Related: Tips and tricks for managing international benefits and compensation

What does agile HR look like?
To become more agile, you need to flatten your reporting structure. Let teams self-organise and empower people to adapt to changing market conditions independently, making decisions in real time and reaching out to other teams as needed without waiting for management’s approval. 
Assign teams to specific parts of the HR life cycle.

ING divided their employee journey into four phases: join, develop, reward and recognise, and move on. Each team was devoted to one of those phases, helping them focus, expand their expertise and learn faster what worked and what didn’t.

Agile workforces communicate often to share data, ideas and insights both within and across teams. They also prioritise talking over email or Slack for its efficiency, with technology acting as a supporting player for distributed workforces. Frequent collaboration strengthens teams, boosts morale and eliminates silos.

Encourage creative thinking and problem-solving. In response to the global labour shortage, many companies have begun looking beyond traditional requirements like education, experience, or professional certifications and focusing instead on soft skills such as attitude, capabilities, personality, and values. In fact, this kind of skills-based recruitment increased 63% between 2021 and 2022.

Penguin Random House introduced anonymised skills-based tests to help them understand how candidates think and behave in specific situations.
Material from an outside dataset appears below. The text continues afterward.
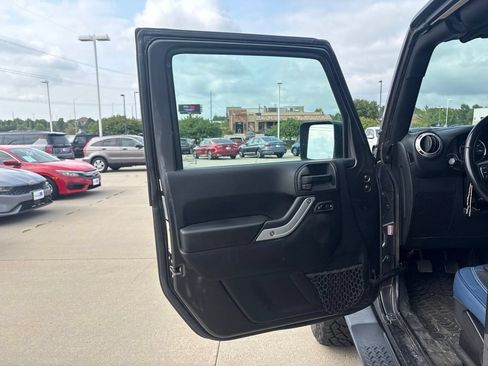 Used 2017 Jeep Wrangler Sahara w/ Connectivity Group AWD/4WD image 9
They ask questions like, “It’s 5 p.m. on a Friday and you have these five tasks to do but you can only do three; which would you work on?” Not only does this system help them hire people who are a better fit culturally, thus improving employee retention, but it also widens their talent pool and eliminates racial and gender biases. 

Creativity requires experimentation, and some experiments will fail. But building in permission to fail is critical for an agile HR department. It drives learning and development, pushing you to evaluate what’s working and what’s not, so you can improve and innovate in response.  

This iterative learning lies at the heart of agile HR. Modelled after the way children learn to do things like walk and talk, iteration has four stages: making an attempt, failing, evaluating what went wrong and refining the approach before starting the cycle again.

Driving business growth through innovation
Hiring is integral to expanding into new markets, and HR’s ability to adapt quickly to shifting staffing demands can help or hinder international growth. Adopting an agile approach to recruiting, hiring, onboarding, and managing workers can set you up for success wherever your company wants to go next. Organisations that are primed to secure top talent, regardless of their location, will give themselves both staying power and a first-to-market advantage over companies that are slower to move.

Agility also drives innovation through an increased appetite for creativity and experimentation and a heightened tolerance for failure, and innovation is critical for growth. In fact, innovative businesses grow twice as fast when it comes to both sales and employment vs. businesses that don’t innovate. 84% of consumers want the companies they buy from to be innovative, and 94% of CEOs list innovation as one of their top three strategies.